The article critically evaluates the legal and ethical ramifications associated with these measures, emphasizing the role of international law in safeguarding the rights of terrorism suspects. Notably, it explores the media’s influence on fair trial rights, illuminating how public perception and the portrayal of terrorism suspects can significantly impact their access to justice and due process. Real-world case studies are incorporated to illustrate both the challenges and successes encountered in the treatment of terrorism suspects. The article lastly lays down recommendations for states to ensure the provision of a fair trial for terrorism suspects, aligning with the principles of the rule of law and human rights standards.


Terrorism, Human Rights, International Law, Counter-Terrorism, Right to Fair Trial, Terrorism Suspects, International Humanitarian Law, International Human Rights Law, International Criminal Law


Terrorism stands out as a significant global threat to peace and security in the 21st century. Defined as the “unlawful use of force or violence against persons or property to intimidate or coerce a government, the civilian population, or any segment thereof, in furtherance of political or social objectives” (FBI, 2020), terrorism not only jeopardizes innocent lives and livelihoods but also challenges the core values of democracy, human rights, and the rule of law.

Effectively combating terrorism demands a unified response from states and the international community, encompassing prevention, protection, prosecution, and rehabilitation. However, this pursuit must be carried out with a commitment to respecting and safeguarding the human rights of all individuals, including those suspected or accused of involvement in terrorism. The treatment of terrorism suspects and the guarantee of a fair trial emerge as complex and controversial issues, posing significant challenges for both states and the international community.

The right to a fair trial, a cornerstone human right upheld by various international and regional instruments, ensures that individuals are entitled to a fair and public hearing by a competent, independent, and impartial tribunal. Enshrined in documents such as the Universal Declaration of Human Rights, the International Covenant on Civil and Political Rights, the European Convention on Human Rights, and the African Charter on Human and Peoples’ Rights, this right encompasses principles like the presumption of innocence, the right to be informed of charges, legal assistance, examination of witnesses, appeal, and compensation for wrongful conviction.

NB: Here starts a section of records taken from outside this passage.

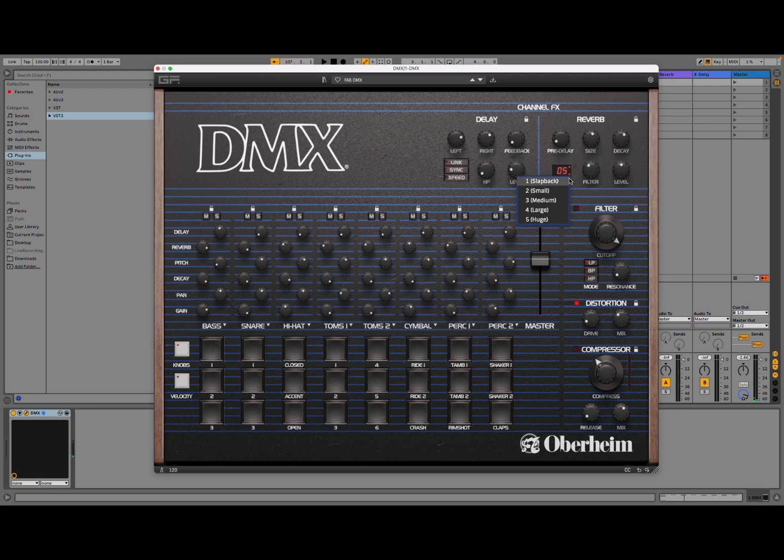If you click down at the bottom you can see the selection there as well. For the delay, let's increase the send, increase the feedback, adjust left and right timing, high pass filter, and overall level. You can link the left and right timing so they move together, sync to the host, and do cross fading between the two channels. Really nice.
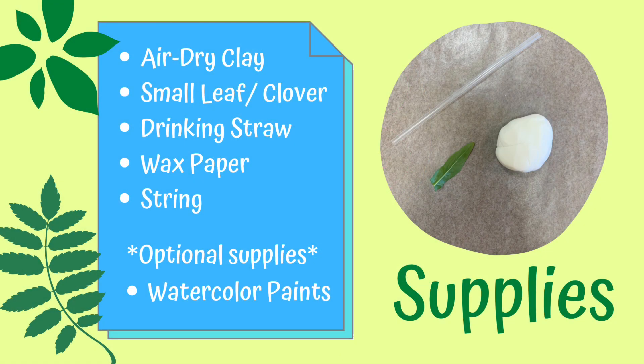The supplies you will need for this project are air dry clay, a small leaf or clover of your choosing, a drinking straw, some wax paper, and some string. If you would like to decorate your pendant further, you can try painting it after it dries with some watercolor paints.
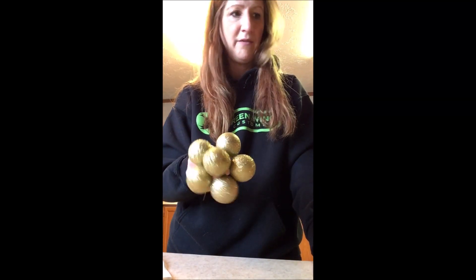There you go — you have your nice little poinsettia centers! Thanks for joining me and hopefully this helped you guys out a little bit. Thanks, have a great day!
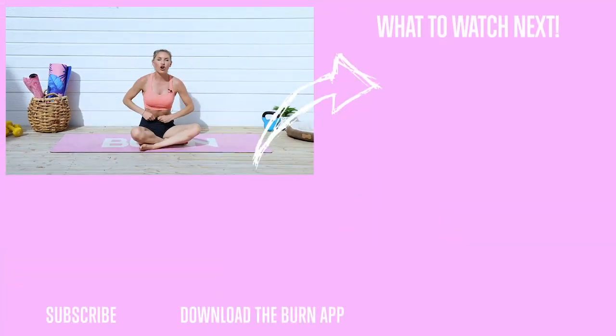You guys did so good! Check out this next workout in our series — our summer It Takes Grit series. You guys are going to love it. Have fun and I'll see you on our next workout. Bye everyone.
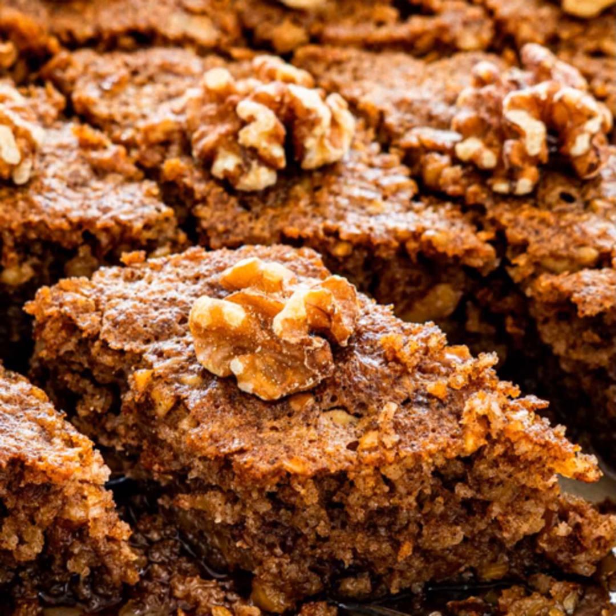And for the cake, you need coarsely crushed walnuts, large eggs, cloves, cinnamon, baking powder, milk, granulated sugar, vegetable corn oil, and all-purpose flour.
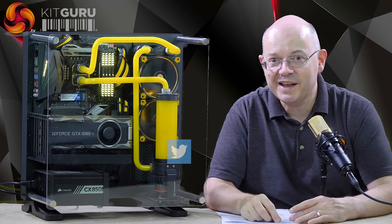If you like this video, thumbs up. If you don't, thumbs down. If you want more from KitGuru, click to subscribe. I'm Leo Walder, KitGuru. This is the Mesh Liquid P3-KG.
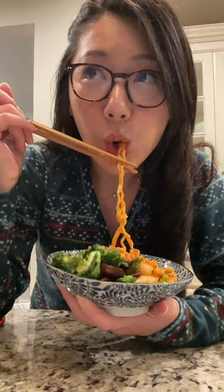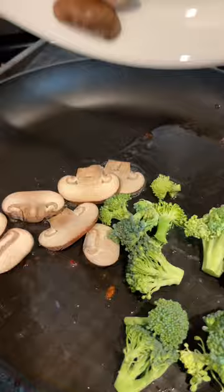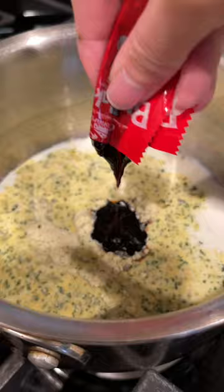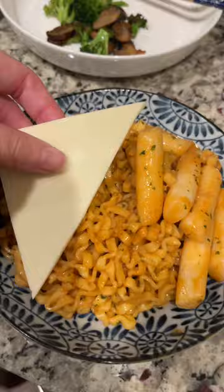Here's another ramen recipe, and this one is for Samyang carbonara. Use the flavor from the bacon to cook the mushrooms and broccoli. Oil your noodles and rice cakes, and to make this more creamy, add a splash of milk and a slice of cheese. Then add more cheese on top along with your veggies and bacon from earlier.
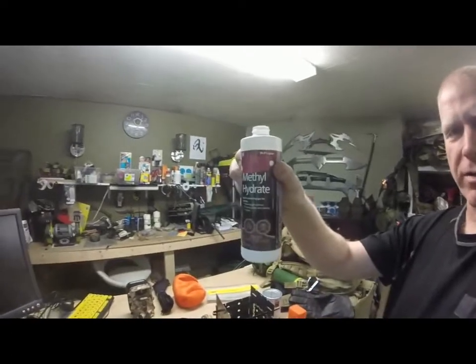Hey everybody and welcome to Vancouver Island Bushcraft. So I've finally done it — I have bought the methyl hydrate. Here it is. Methyl hydrate.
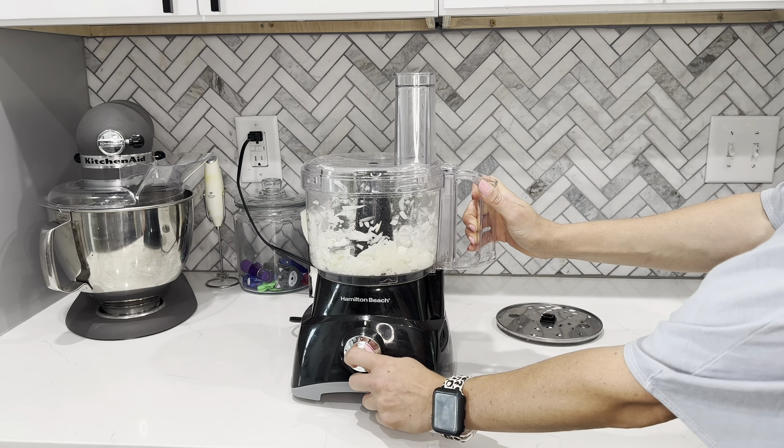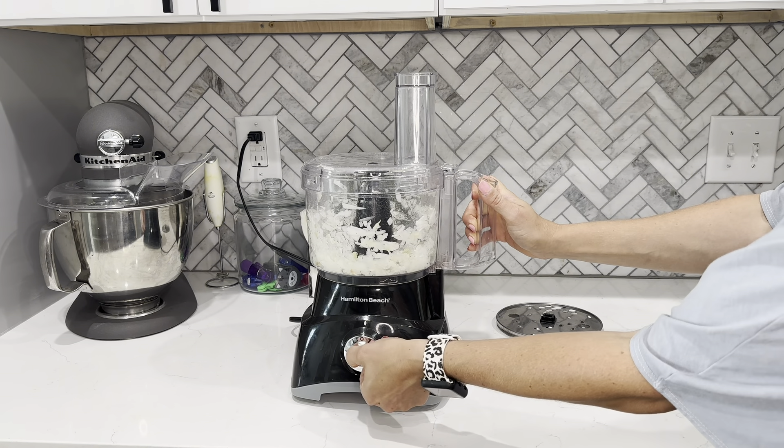Hey y'all, so today we're going to chop and slice some veggies with the Hamilton Beach food processor. I personally like testing out food processors and food choppers with onions. They're the hardest one to get a consistent chop, so to me it's the best way to figure out if it's a good food processor or not.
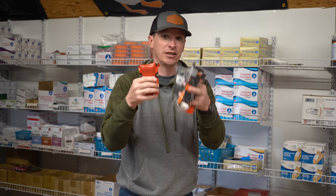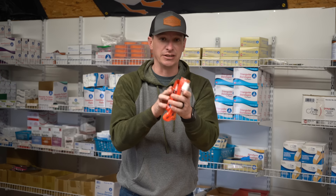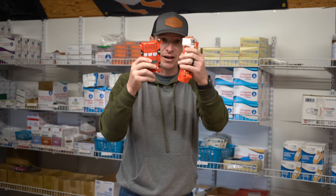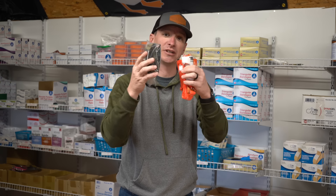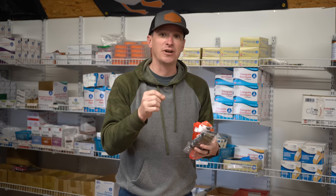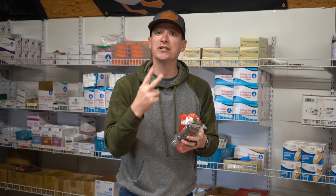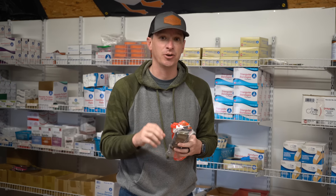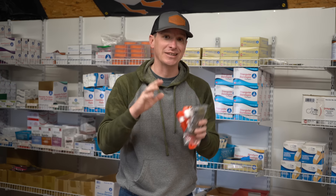Or if you want to run a combo — say a CAT and a SWAT-T — that's fine. The SWAT-T has multiple uses. I think you should put two tourniquets in your kit because sometimes, especially with leg injuries, we need two tourniquets to compress and get the bleeding completely stopped. So the possibility of needing two is there — have two.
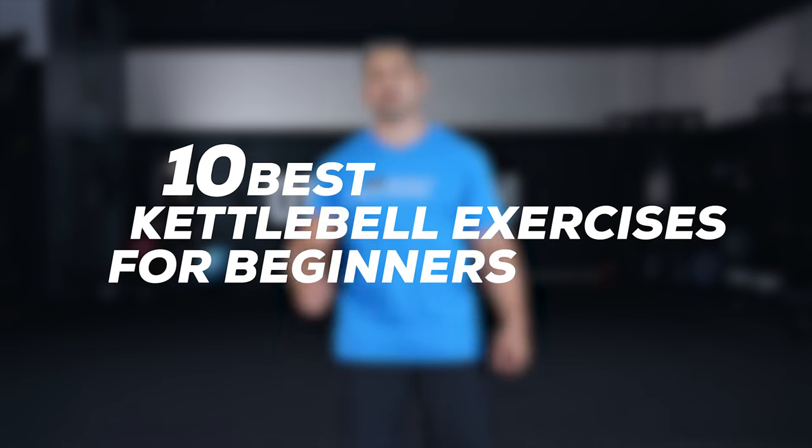What's up YouTube? Coach John Wolfe here from Onnit, and today we're going to cover the 10 best kettlebell exercises for beginners.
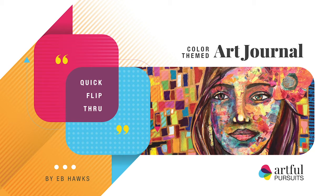Hello and welcome to Artful Pursuits, your source for mixed-media art inspiration, tutorials, and resources. Today we're going to quickly flip through a completed color-themed round-robin art journal.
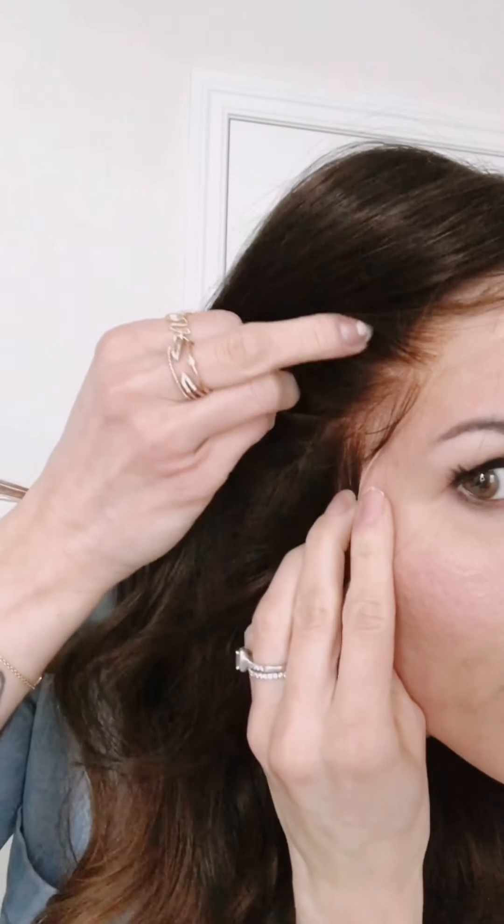Just to give you a look at the hairline — it is really natural, very undetectable. I can also change the part. I can't do it right now until I get some water on it. I don't usually like a full middle part; you could shift it to the side. Because it's a full lace, I can go for a deep part if I wanted to and you won't see anything. I'm thinking I'll change the part a little bit.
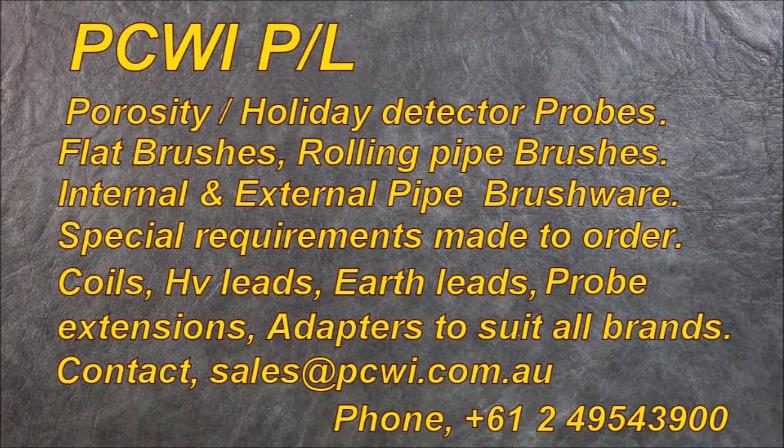Porosity holiday detector probes, flat brushes, rolling pipe brushes, internal and external pipe brushware, special requirements made to order. Coils, high-voltage leads, earth leads, probe extensions, adapters to suit all brands. Contact sales at pcwi.com.au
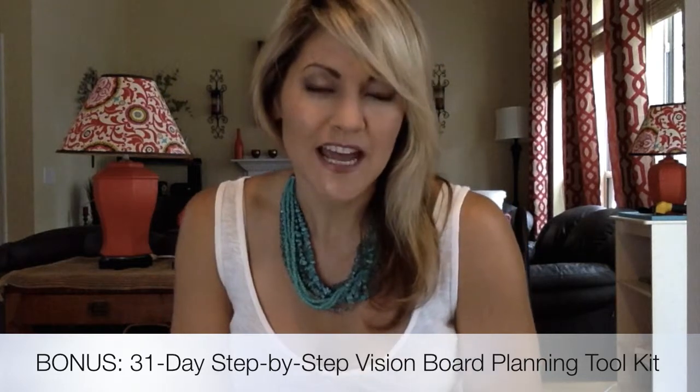Then we have the 31-day step-by-step vision board planning toolkit. Vision boards are huge for being successful — once you put the vision out there, you work towards it. I created this 31-day vision board planning kit with an exercise every single day covering all different areas of life, not just fitness. Because if you're fit in your fitness but not fit in your relationships, you're going to suffer, so this includes every single aspect of your life.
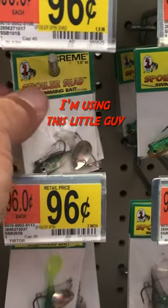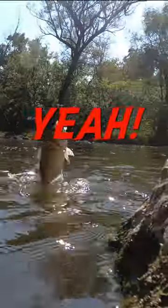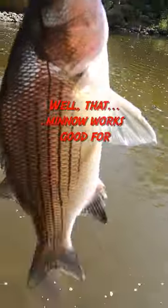Using this little guy — it's from Walmart, it's 96 cents. That metal works good for white bass.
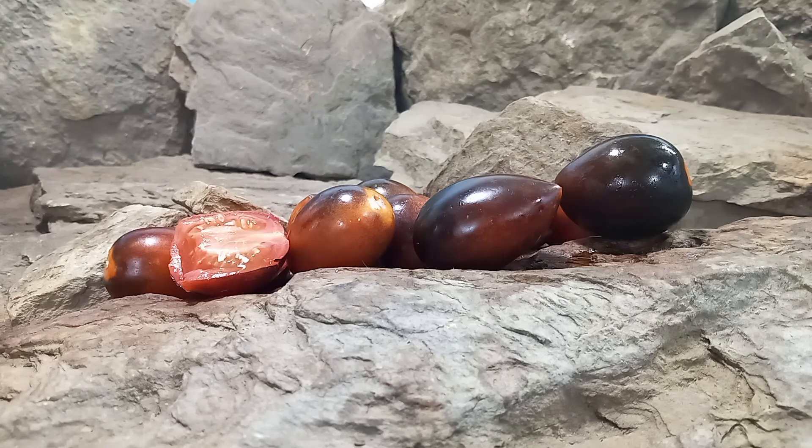But this was our review of Midnight Roma Tomato. Seeds are available at www.BountyHunterSeeds.com. There will be a list underneath blue tomatoes, antho tomatoes, and elongated tomatoes as well as canning tomatoes. Thank you again for watching, but most importantly we hope you have a wonderful, beautiful, safe, and amazing day. Until next time, bye bye!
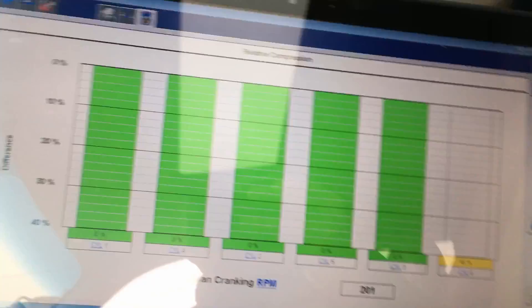Like I said, you hold one crank foot to the floor so it goes into clear flood mode and it won't start. I'll just crank like that for you and you can sit there and listen and evaluate.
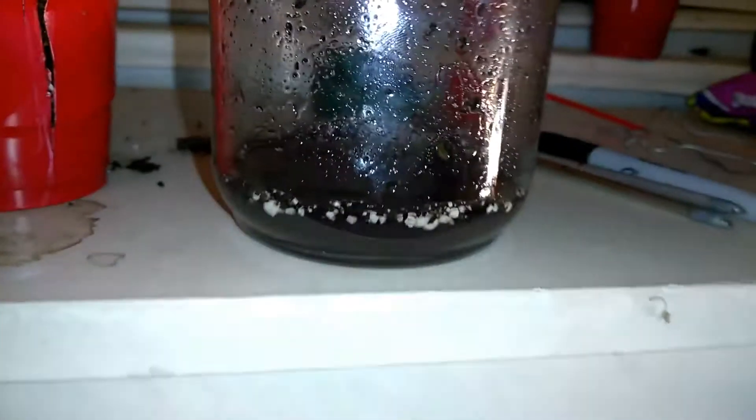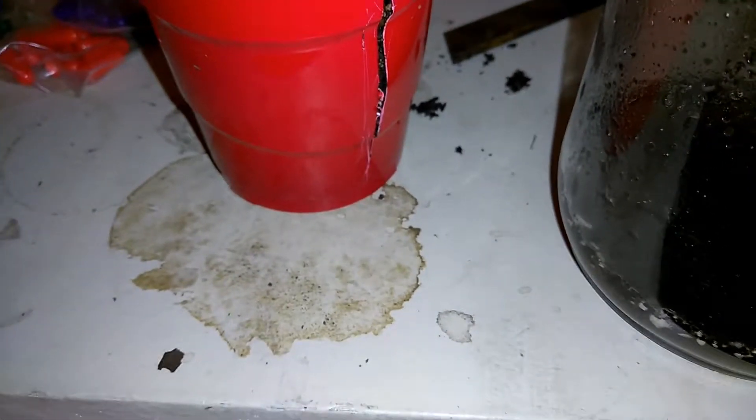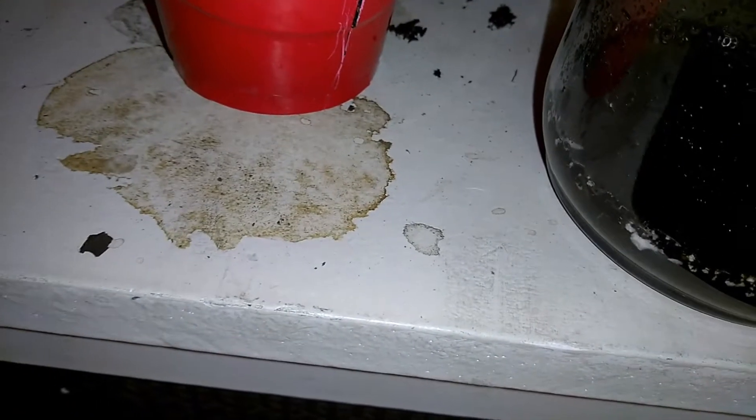Once you've shaken it, you want to let it settle for about a minute or two. If your soil is more clay based — which it shouldn't be if you're growing cannabis — you're going to want to wait longer.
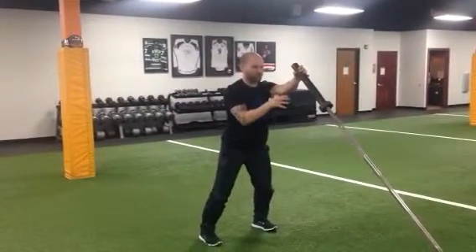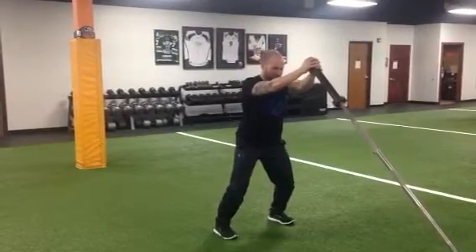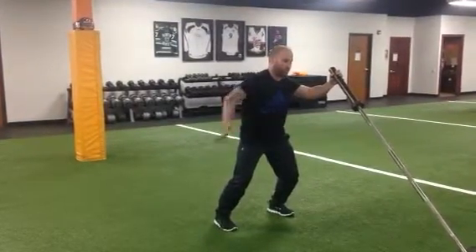For an anti-torque exercise, knees slightly bent, arms slightly bent also. Descend the bar to an extent where you're going to feel pressure inside of this external oblique and quadratus lumborum.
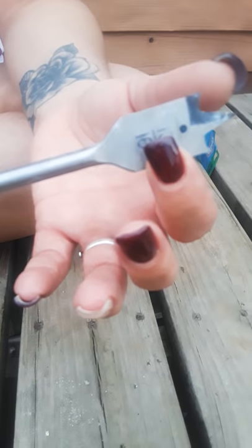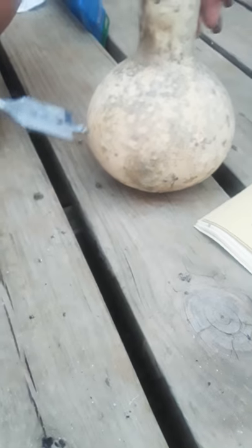A 13/16 drill bit. Right now we're going to be drilling the hole in.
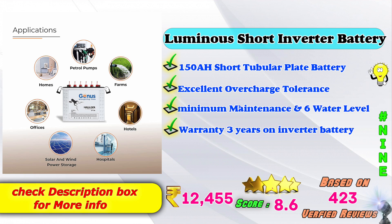9th place: Luminous short inverter battery. 150AH short tubular plate battery. Excellent overcharge tolerance, minimum maintenance, 6 water level indicator. Warranty: 3 years on inverter battery. Amazon price: 12,455 Rs. 8-point score rating based on 423 verified reviews.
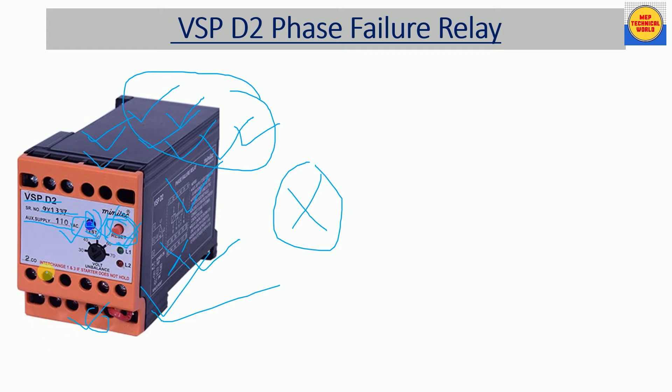Here we have a voltage unbalance setting. With the help of a screwdriver we can set the voltage unbalance — 30 volt, 40 volt, 50 volt, up to 70 volt. If we set this relay to 30 volt, then if the voltage difference between any phases is more than 30 volts, the relay will trip. With this knob we can set the voltage unbalance setting.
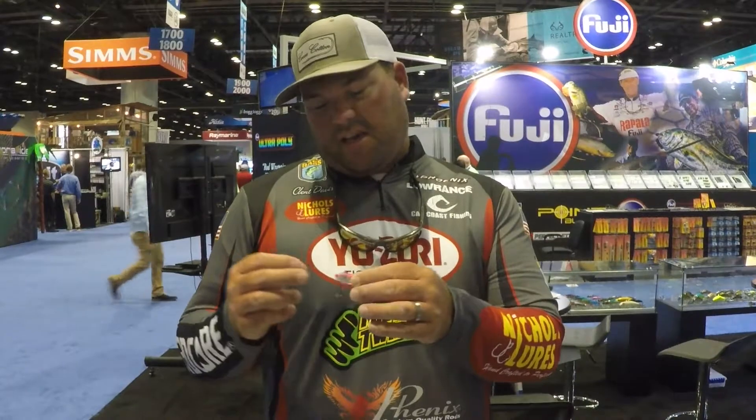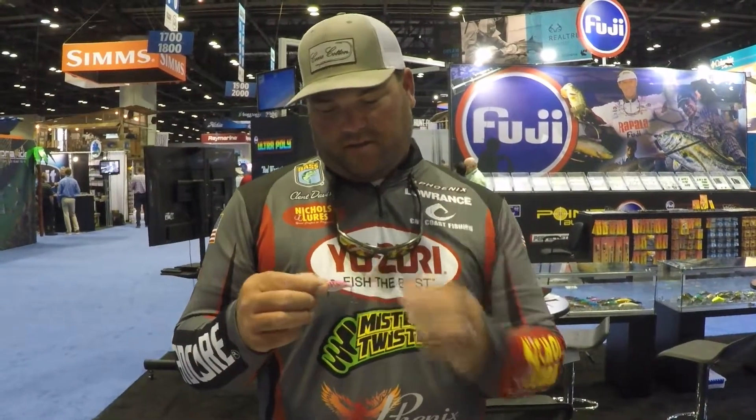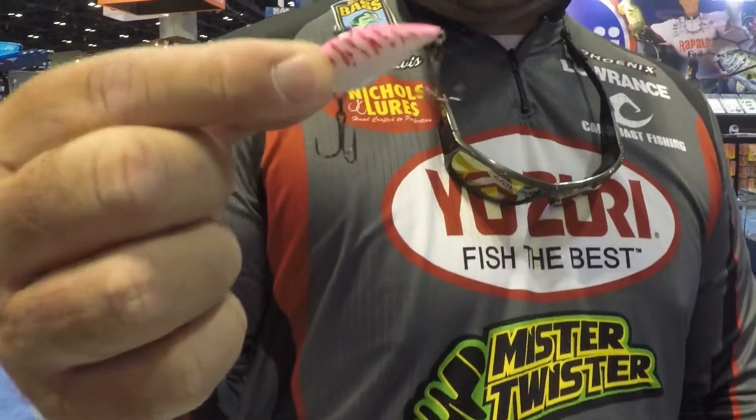Bassmaster Elite Series Pro Clint Davis here at ICAST 2019, hanging out in the Yo-Zuri booth. We went to both ends of the spectrum on the Vibe this year. I just talked about a three-quarter ounce Vibe, and this right here is actually the new Mini Vibe.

Terrorist incidents, such as the 9/11 attacks, 2008 Mumbai attacks, 7/7 bombings, 2015 Paris attacks, and 2019 Christchurch shootings, have prompted states to adopt various counter-terrorism measures. While aimed at preventing and responding to terrorism, some of these measures, including enhanced surveillance and expanded detention powers, have raised concerns about their compatibility with the human rights of terrorism suspects, particularly their right to a fair trial.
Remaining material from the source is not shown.